Darkness moved down the Mediterranean shores. From the tombs, like
mist, the dead spirits wavered in soot and black plumes along the
streets to be caught in the dark tar that smeared the porch sills. The
wind mourned, as if telling the anguish of the trapped dead.
“Now, Italy. Rome.” Moundshroud turned the lens to see Roman cemeteries where people placed food on graves and hurried off.

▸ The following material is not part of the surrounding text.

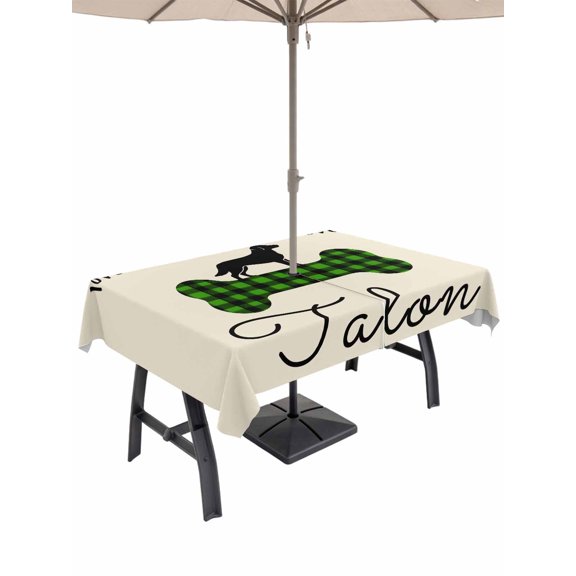 Outdoor Tablecloth with Umbrella Hole for Patio/Picnic/Party/Camping, Green Black Buffalo Checkered Waterproof Table Cloth Rectangle Table Cover Washable, Bones Cute Dogs Pets (52"x 70")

The wind whipped Moundshroud’s cape. It hollowed his mouth:
“O autumn winds that bake and burn
And all the world to darkness turn,
Now storm and seize and make of me…
A swarm of leaves from Autumn’s Tree!”
He kick-jumped straight up in the
air. The boys yelled delight, even as his clothes, cape, hair, skin,
body, corn-candy bones tore apart before their eyes.
“… leaves … burn …
… change … turn … !”
The wind ribboned him to confetti; a million autumn leaves, gold,
brown, red as blood, rust, all wild, rustling, simmering, a clutch of
oak and maple leaf, a hickory leaf downfall, a toss of flaking whisper,
murmur, rustle to the dark river-creek sky. Not one kite, but ten
thousand thousand tiny mummy-flake, kites, Moundshroud exploded apart:
“World turn! Leaves burn!
Grass die! Trees …fly!”
And from a billion other trees in autumn lands, leaves rushed to join
with the upflung battalions of dry bits that were Moundshroud dispersed
in whirlwinds from which his voice stormed:
“Boys, see the fires along the Mediterranean coast? Fires burning north through Europe? Fires of fear. Flames of celebration. Would you spy, boys? Up, now, fly!”

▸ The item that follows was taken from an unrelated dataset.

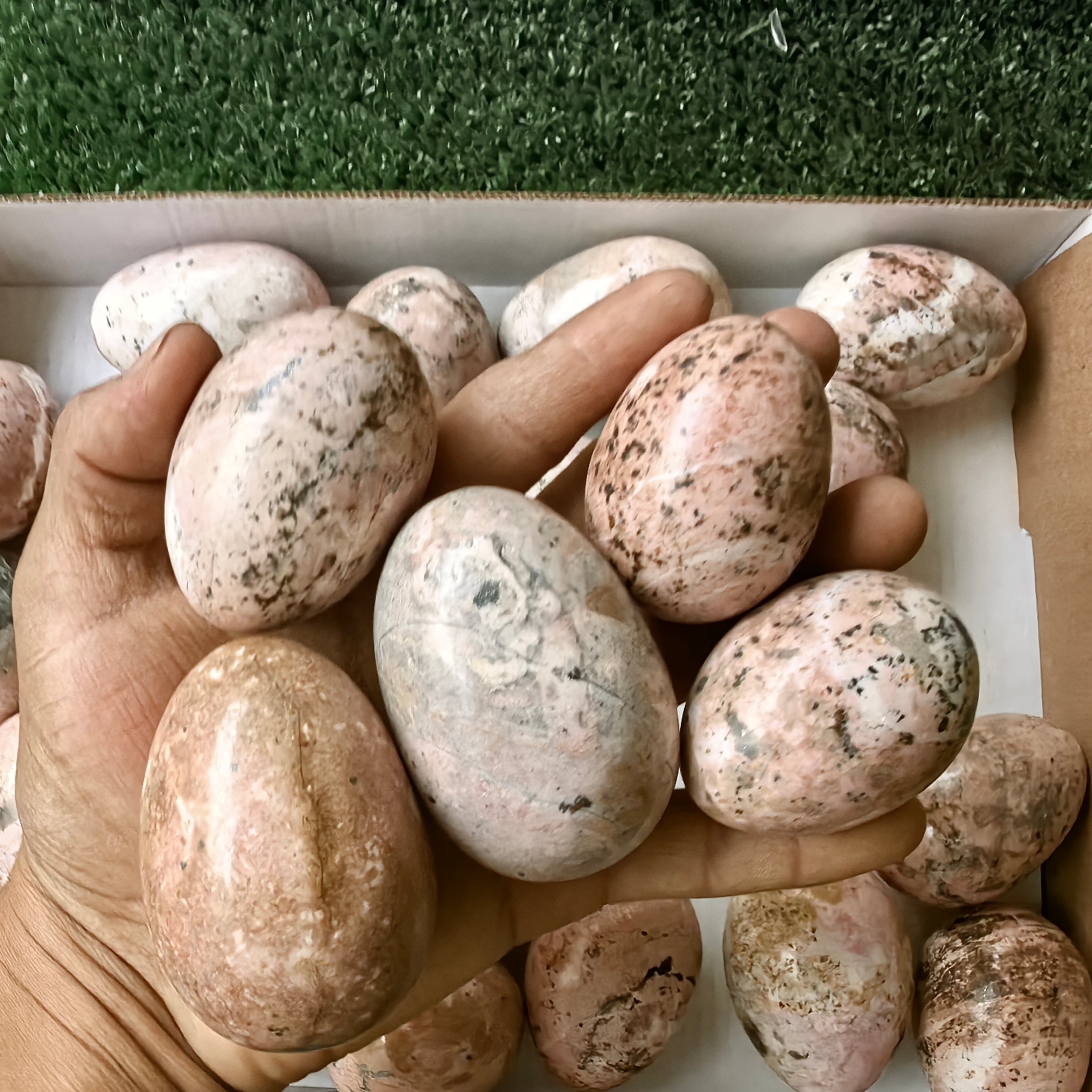 27 pc rhodonite eggs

And the leaves in avalanche fell upon each boy like terrible flapping
moths and carried them away. Over Egyptian sands they sang and laughed
and giggled. Over the strange sea, rapturous and hysterical, they
soared.
“Happy New Year!” a voice cried, far below.
“Happy
what?”
asked Tom.
“Happy New Year!” Moundshroud, a flock of rusty leaves, rustled his
voice. “In old times, the first of November was New Year’s Day. The
true end of summer, the cold start of winter. Not exactly happy, but,
well, Happy New Year!”
They crossed Europe and saw new water below.
“The British Isles,” whispered Moundshroud. “Would you cock an eye at England’s own druid God of the Dead?”
“We would!”
“Quiet as milkweed, then, soft as snow, fall, blow away down, each and all.”
The boys fell.
Like a bushel of chestnuts, their feet rained to earth.